Outre ces points de consensus, les 700 acteurs engagés dans ces concertations se sont accordés sur le retrait de la commission de contrôle du parrainage du Conseil constitutionnel au profit d’une autre structure, le vote électronique sous réserve de l’expérimenter progressivement et de voir les modalités techniques tout en s’assurant d’une démarche inclusive. Mais aussi sur le principe de l’adoption du bulletin unique précédé d’une étude de faisabilité pour apprécier son adoption et celui de l’encadrement du financement public des partis politiques et des campagnes électorales par tous les Sénégalais y compris de la diaspora. Les autres points de consensus obtenus concernent entre autres, la création d’une Cour constitutionnelle et l’élargissement de ses compétences juridictionnelles et consultatives ; l’instauration d’un pluralisme dans la désignation de ses membres et l’instauration du double degré de juridiction en matière électorale.

Les autres points d’accords portent sur la création d’un organe indépendant de gestion des élections, doté d’une autonomie fonctionnelle et financière avec un ancrage constitutionnel et une composition pluraliste (majorité, opposition, société civile, experts, magistrats retraités, etc.). Les acteurs ont également proposé un renforcement des attributions de cet organe indépendant de gestion des élections qui pourraient porter le nom d’une CENI (ou variantes : ANIGE, ANGE, HARGE etc..) notamment en matière de gestion du fichier électoral, organisation matérielle, supervision, proclamation des résultats provisoires, et prise en charge du contentieux préélectoral. A ces points d’accords, il faut ajouter la spécialisation des magistrats et création de chambres électorales, le renforcement de la proximité et accessibilité des juridictions électorales et la traduction immédiate et exécutoire des décisions de justice.

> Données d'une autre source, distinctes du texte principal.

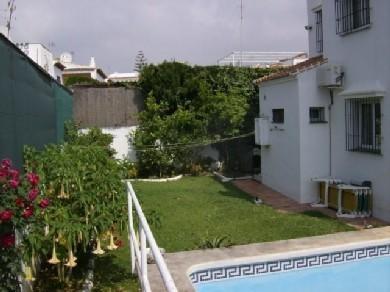 Chalet con 6 dormitorios se vende en Nerja, Costa del Sol, Axarquia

L’arbre qui cache la forêt

Cependant, il faut dire que ce résultat apparait comme l’arbre qui cache la forêt des désaccords sur les questions essentielles en suspens depuis plusieurs années. En effet, comme lors des différents dialogues politiques organisés ces dernières années, les acteurs politiques n’ont pas su fait montre d’une réelle volonté de faire avancer les choses. Le désaccord persiste encore sur des points telles que la déchéance électorale automatique, le cumul des mandats (député/maire, DG/maire), le statut de Chef de l’opposition, ou encore l’opportunité de créer un Observatoire national de la démocratie, l’élargissement de la saisine du Conseil constitutionnel aux citoyens, sujet traité parallèlement dans la commission sur les réformes institutionnelles, le mode de scrutins aux élections législatives et territoriales, la réforme de l’article 80 du Code pénal et des délits d’offense à l’autorité, les professionnels du droit, les acteurs politiques et les journalistes.

Sur la plupart de ces questions, l’absence de consensus est liée à la position figée de l’actuelle majorité au pouvoir. Pour preuve, sur le point relatif à la réforme de de l’article 80 du Code pénal et des délits d’offense à l’autorité, alors que les positions ont convergé sur la nécessité de réviser ces dispositions, jugées obsolètes ou instrumentalisées, les planitiaires de la majorité tout en admettant un besoin de clarifications, a évoqué les risques pour la stabilité de l’État. Soutenu par les représentants de la société civile, le point relatif à la publication des sondages est rejeté par les acteurs politiques qui préconisent le maintien en l’état de la réglementation en vigueur. S’agissant de la question du statut du Chef de l’opposition, l’opposition et une partie de la société civile ont plaidé pour sa mise en œuvre effective, en soulignant son importance symbolique et institutionnelle. Seulement, l’actuel majorité a estimé, de son côté, que le contexte politique ne s’y prêtait pas ou que le dispositif nécessitait des ajustements.